• **Problem requirements**:
For the entries below, the result should be an exact transcription of the lines from the one with "Hello everybody, in" up to and including the one with "So instead of", and only those.

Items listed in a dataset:
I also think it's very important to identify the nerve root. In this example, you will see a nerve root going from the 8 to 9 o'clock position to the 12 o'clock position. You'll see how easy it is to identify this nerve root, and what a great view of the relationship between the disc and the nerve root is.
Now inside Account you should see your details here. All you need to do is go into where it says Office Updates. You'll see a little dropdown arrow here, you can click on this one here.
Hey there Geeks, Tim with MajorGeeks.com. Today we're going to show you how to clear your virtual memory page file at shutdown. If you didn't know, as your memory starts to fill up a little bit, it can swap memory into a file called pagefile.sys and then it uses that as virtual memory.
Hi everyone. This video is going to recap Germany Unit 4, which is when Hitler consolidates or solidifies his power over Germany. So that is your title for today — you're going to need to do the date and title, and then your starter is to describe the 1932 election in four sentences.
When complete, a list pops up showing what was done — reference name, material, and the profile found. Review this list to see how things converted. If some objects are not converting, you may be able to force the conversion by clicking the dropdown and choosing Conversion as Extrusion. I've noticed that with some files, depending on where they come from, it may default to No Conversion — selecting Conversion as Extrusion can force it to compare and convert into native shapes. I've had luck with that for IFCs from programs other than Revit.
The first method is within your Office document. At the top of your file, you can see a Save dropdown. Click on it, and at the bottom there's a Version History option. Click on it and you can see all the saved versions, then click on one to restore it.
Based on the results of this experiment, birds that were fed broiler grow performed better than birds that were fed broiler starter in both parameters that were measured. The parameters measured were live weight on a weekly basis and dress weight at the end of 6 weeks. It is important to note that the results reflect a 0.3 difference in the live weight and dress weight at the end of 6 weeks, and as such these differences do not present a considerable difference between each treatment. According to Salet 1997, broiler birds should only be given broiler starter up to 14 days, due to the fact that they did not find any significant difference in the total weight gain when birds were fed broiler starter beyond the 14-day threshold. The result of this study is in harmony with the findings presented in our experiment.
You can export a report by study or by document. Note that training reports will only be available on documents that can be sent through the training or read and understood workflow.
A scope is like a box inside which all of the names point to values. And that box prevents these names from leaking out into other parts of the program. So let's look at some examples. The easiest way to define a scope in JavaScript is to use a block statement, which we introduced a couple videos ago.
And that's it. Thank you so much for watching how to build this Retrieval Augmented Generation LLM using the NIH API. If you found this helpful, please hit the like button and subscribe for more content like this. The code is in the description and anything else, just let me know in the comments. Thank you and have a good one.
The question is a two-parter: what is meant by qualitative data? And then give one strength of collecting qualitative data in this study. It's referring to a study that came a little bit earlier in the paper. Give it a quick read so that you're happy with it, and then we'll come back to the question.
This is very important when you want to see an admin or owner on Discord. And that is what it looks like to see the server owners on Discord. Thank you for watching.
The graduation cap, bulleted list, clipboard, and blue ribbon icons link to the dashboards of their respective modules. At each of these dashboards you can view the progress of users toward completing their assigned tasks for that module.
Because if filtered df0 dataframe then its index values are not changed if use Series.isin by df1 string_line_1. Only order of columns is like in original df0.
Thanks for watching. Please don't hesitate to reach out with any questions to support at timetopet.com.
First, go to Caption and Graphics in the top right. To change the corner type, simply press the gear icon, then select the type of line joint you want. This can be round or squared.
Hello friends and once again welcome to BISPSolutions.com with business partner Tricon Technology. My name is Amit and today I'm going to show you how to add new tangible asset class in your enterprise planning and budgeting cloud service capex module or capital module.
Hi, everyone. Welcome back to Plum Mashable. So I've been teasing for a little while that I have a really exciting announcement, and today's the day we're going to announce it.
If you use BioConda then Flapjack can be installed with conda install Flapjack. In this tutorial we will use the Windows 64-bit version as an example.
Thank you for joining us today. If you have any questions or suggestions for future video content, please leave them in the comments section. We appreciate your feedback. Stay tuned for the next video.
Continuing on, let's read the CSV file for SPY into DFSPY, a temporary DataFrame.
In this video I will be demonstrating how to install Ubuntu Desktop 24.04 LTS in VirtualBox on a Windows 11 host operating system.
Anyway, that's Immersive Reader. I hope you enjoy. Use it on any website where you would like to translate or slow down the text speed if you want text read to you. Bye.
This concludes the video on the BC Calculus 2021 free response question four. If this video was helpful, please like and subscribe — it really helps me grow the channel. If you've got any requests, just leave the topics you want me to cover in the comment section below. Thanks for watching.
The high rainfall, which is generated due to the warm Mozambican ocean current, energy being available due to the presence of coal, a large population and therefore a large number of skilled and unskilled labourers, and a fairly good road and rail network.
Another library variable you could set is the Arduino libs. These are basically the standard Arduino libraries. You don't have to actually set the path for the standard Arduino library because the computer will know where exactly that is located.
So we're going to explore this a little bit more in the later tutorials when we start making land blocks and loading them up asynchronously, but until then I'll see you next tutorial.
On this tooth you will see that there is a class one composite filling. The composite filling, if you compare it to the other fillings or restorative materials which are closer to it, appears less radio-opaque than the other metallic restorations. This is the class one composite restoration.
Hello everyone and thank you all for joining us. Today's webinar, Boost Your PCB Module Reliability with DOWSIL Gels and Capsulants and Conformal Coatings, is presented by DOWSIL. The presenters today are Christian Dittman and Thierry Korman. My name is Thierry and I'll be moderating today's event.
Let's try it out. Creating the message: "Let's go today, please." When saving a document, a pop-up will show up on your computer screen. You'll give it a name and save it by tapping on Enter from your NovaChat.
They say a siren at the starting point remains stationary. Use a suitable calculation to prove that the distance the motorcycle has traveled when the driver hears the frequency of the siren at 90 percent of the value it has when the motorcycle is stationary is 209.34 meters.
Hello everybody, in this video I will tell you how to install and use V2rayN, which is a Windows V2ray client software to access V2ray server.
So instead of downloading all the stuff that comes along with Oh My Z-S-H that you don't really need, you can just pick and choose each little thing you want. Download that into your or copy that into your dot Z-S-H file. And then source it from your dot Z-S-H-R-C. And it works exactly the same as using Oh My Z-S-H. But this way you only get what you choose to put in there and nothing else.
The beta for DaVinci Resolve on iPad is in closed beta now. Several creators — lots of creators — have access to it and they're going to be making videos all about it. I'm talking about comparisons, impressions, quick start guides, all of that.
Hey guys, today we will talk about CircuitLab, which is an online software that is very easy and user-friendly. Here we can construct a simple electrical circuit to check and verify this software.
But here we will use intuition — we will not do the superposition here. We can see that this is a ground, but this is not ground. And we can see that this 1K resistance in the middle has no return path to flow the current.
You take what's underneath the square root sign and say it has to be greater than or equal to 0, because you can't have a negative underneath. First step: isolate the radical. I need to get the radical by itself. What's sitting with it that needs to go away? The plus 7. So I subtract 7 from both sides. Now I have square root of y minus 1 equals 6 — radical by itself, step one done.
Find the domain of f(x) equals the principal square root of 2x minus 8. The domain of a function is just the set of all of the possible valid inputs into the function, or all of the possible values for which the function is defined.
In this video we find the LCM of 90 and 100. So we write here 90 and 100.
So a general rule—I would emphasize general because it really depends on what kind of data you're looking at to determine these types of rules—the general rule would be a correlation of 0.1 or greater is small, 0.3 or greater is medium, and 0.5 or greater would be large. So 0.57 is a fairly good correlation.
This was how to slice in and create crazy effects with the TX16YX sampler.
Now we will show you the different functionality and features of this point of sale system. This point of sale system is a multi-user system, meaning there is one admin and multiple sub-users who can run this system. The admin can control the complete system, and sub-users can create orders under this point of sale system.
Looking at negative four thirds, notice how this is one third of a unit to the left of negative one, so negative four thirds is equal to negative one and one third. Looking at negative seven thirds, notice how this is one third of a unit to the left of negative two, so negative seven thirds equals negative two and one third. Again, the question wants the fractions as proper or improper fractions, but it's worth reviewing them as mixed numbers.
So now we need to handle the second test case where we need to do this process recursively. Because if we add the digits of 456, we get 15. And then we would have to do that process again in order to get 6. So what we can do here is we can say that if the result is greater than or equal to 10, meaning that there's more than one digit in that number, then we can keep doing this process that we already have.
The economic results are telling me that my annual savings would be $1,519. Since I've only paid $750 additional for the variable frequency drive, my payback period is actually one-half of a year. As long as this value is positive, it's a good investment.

• **Answer to this problem**:
Hello everybody, in this video I will tell you how to install and use V2rayN, which is a Windows V2ray client software to access V2ray server.
So instead of downloading all the stuff that comes along with Oh My Z-S-H that you don't really need, you can just pick and choose each little thing you want. Download that into your or copy that into your dot Z-S-H file. And then source it from your dot Z-S-H-R-C. And it works exactly the same as using Oh My Z-S-H. But this way you only get what you choose to put in there and nothing else.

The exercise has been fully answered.